3.4.3.1 Installing Julia (1.x series)

Choose the instructions for your operating system.

Windows (using winget)

Open PowerShell (not Git Bash) and run:

winget install -e --id JuliaLang.Julia

After installation, close and reopen your terminal.

Verify:

julia --version

macOS (using Homebrew)

Install Julia:

brew install julia

Verify:

julia --version

Linux

Download the official Linux binary from the Julia website and extract it to a convenient location, such as /opt/julia or your home directory. Then add the bin directory to your PATH.

Verify:

julia --version

If julia is not found, check that the directory containing the Julia binary is on your PATH.

3.4.3.2 Project environments with Julia’s package manager

Julia uses project environments to isolate dependencies. Each project is associated with a Project.toml file that lists direct dependencies and a Manifest.toml file that records the exact versions of all packages, including transitive dependencies.

To create or activate a project environment, navigate to the project root directory and start Julia:

julia

At the Julia prompt, activate a local environment:

]
activate .

The closing bracket ] switches Julia into package manager mode. The command activate . tells Julia to use a project environment stored in the current directory.
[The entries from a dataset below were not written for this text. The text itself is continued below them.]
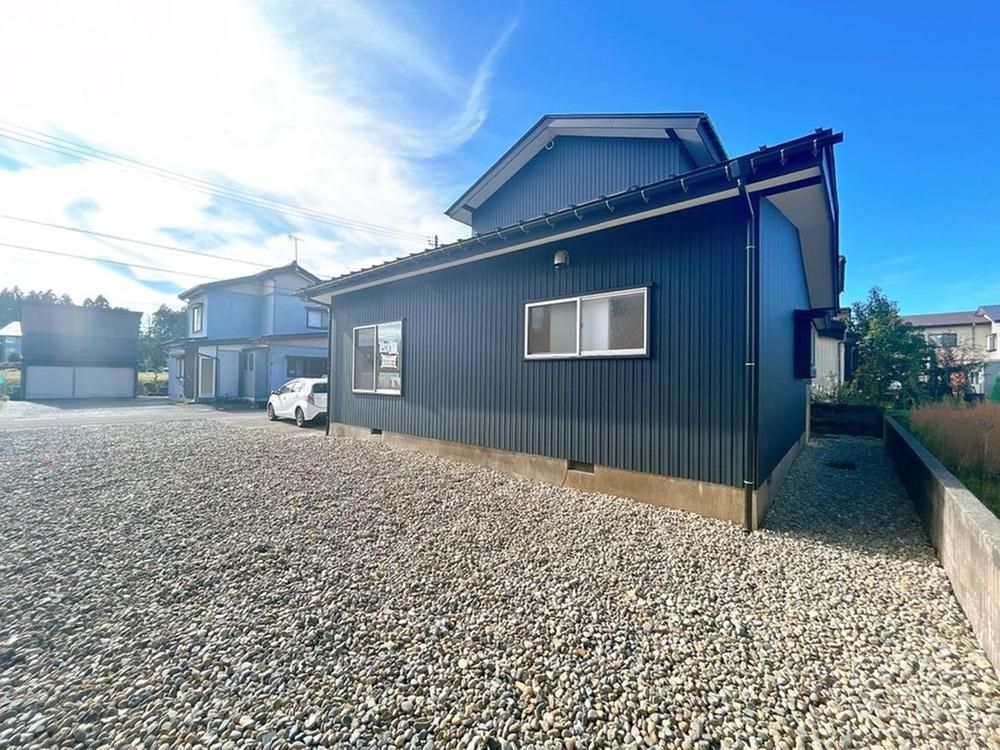 Renovated 4LDK House in Joetsu, Niigata - 95m2 - Thumbnail 2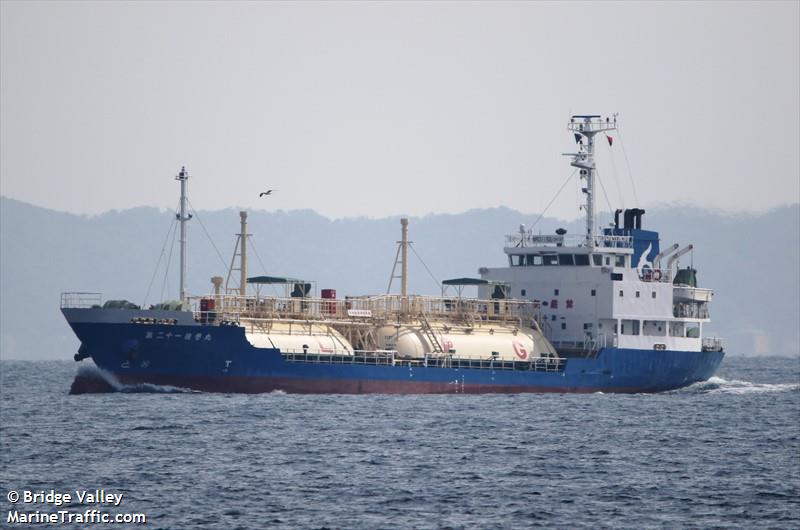 tokuyo maru no21 (LPG Tanker) - IMO 9228631, MMSI 431401849, Call Sign JK5540 under the flag of Japan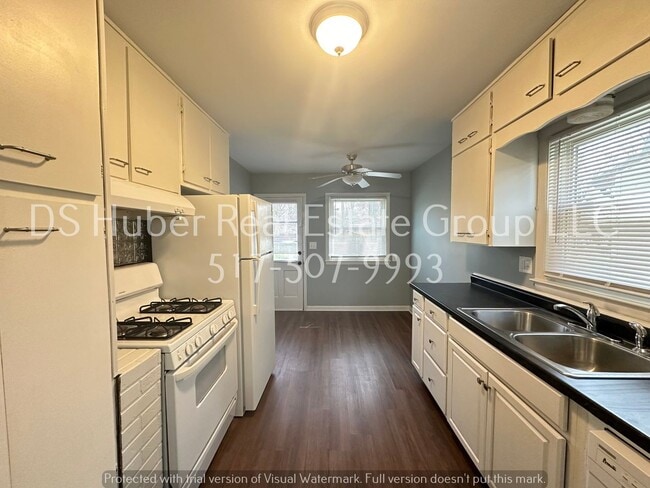 3421 W Michigan Ave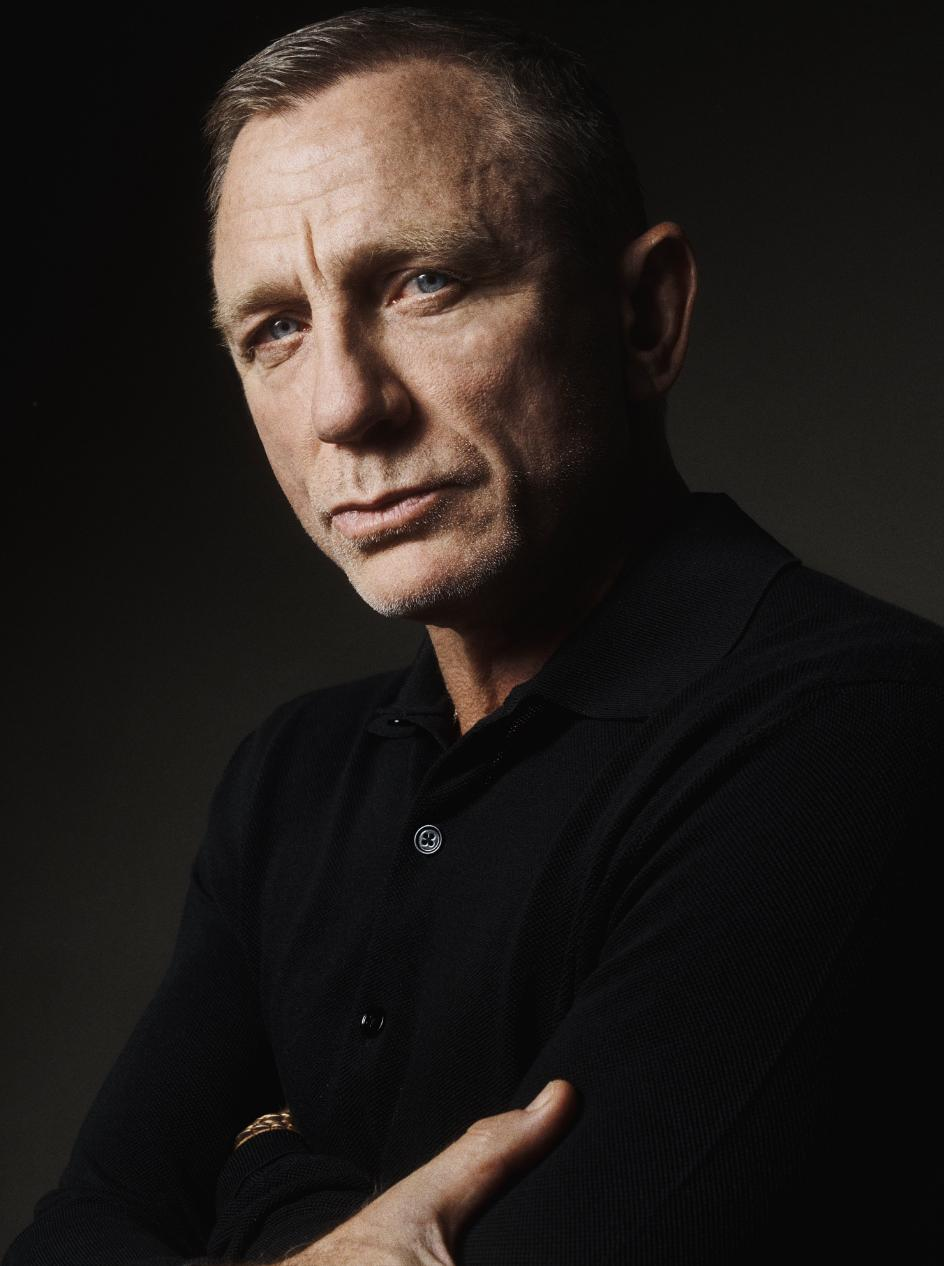 Daniel Craig biography, net worth, age, career, family, and relationships. Full 2026 profile covering James Bond, movies, and personal life.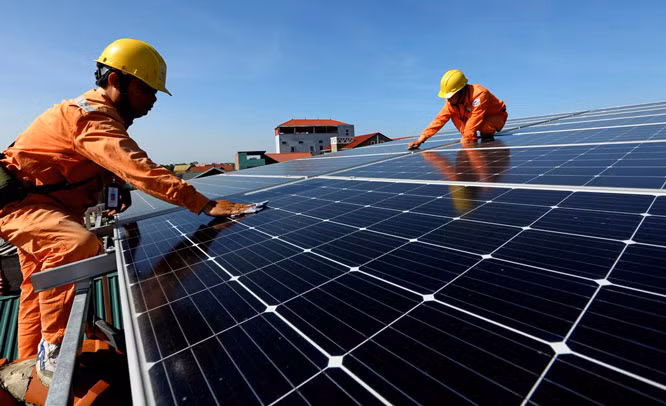 Theo Công điện vừa được Thủ tướng Chính phủ ký ban hành, có cơ chế khuyến khích lắp điện mặt trời áp mái (ảnh nguồn internet)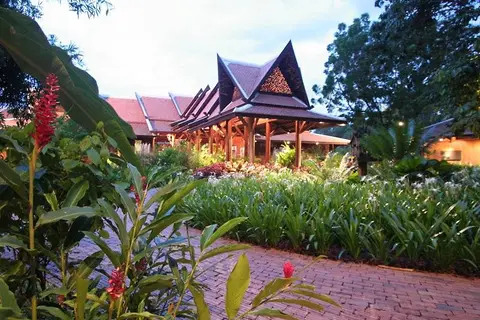 Angkor Village Hotel in Siem Reap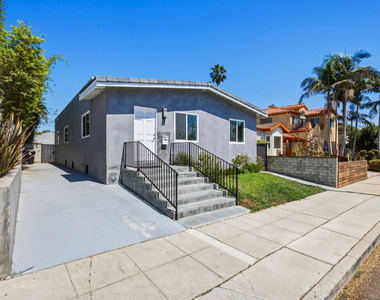 869 Warren Avenue - Photo Thumbnail 20
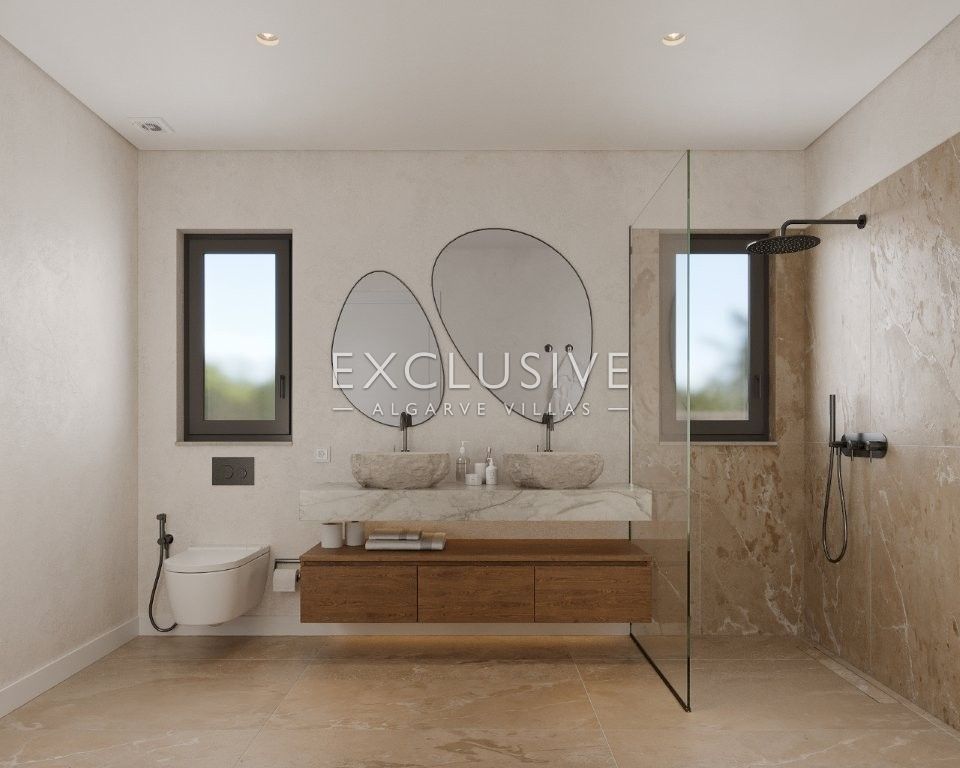 Villa Sta Barbara de Nexe, remodelled with fantastic coastal views across the Algarve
Add commonly used packages:

]
add DataFrames CSV Plots

This creates (or updates) Project.toml and Manifest.toml in the project directory. These files fully specify the environment.

On another machine, or after cloning the repository, activate the project and instantiate the environment:

]
activate .
instantiate

In a Git repository, commit both Project.toml and Manifest.toml. These files play the same role as requirements.txt or renv.lock in other languages, but with stricter guarantees about reproducibility.
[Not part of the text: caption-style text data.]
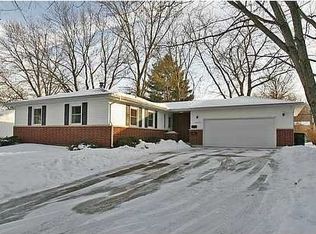 2803 Falbrook Dr NE, Cedar Rapids, IA 52402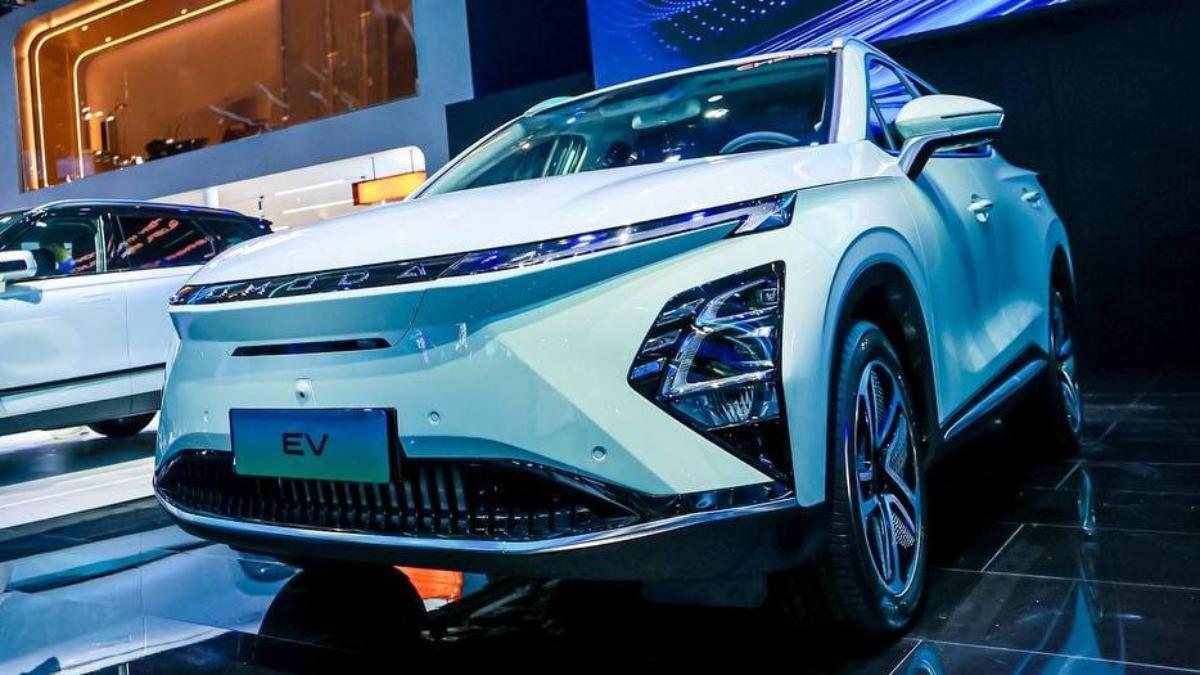 Продажи электрического кроссовера Omoda C5 EV в России начнутся в первом квартале 2024 года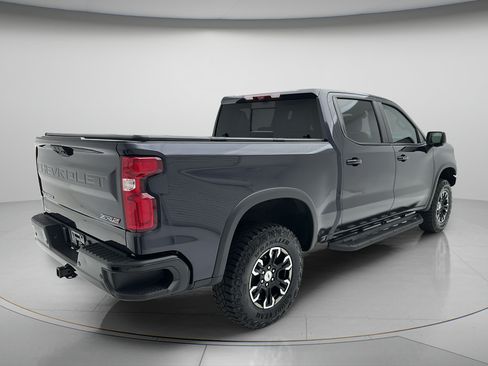 Used 2024 Chevrolet Silverado 1500 ZR2 w/ Technology Package AWD/4WD image 5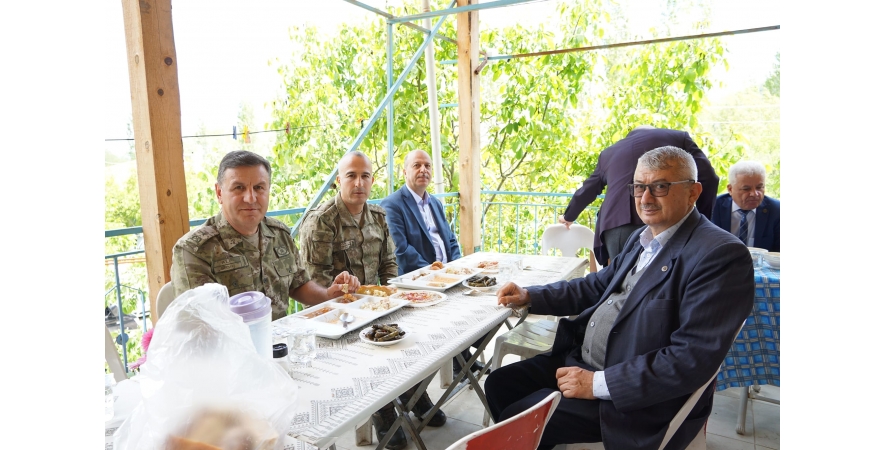 Başkan Bozkurt Şehidimiz  İs. Uzm. On. Yasin Çubuk Kardeşimizin Şehadetinin 4. Yıldönümünde  Ailesine Ziyarette bulundu.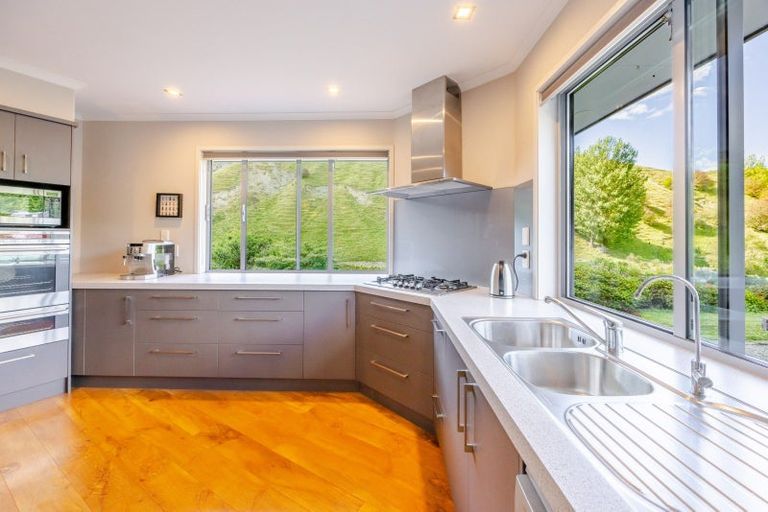 Photo of property in 1127 Pourerere Road, Omakere, Waipawa, 4271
3.4.3.3 A short Julia warm-up

Before moving on, you should be comfortable with:

  • starting Julia from the command line,
  • using the Julia REPL and its help system,
  • activating and instantiating project environments,
  • working with arrays, dictionaries, and tables,
  • loading packages with using and import.

A concise and authoritative starting point is the official Julia manual “Getting Started” and the sections on the REPL, packages, and performance tips. After this warm-up, you should be able to write small Julia scripts and use Julia as an execution engine in Quarto documents when a project benefits from Julia’s performance and numerical strengths.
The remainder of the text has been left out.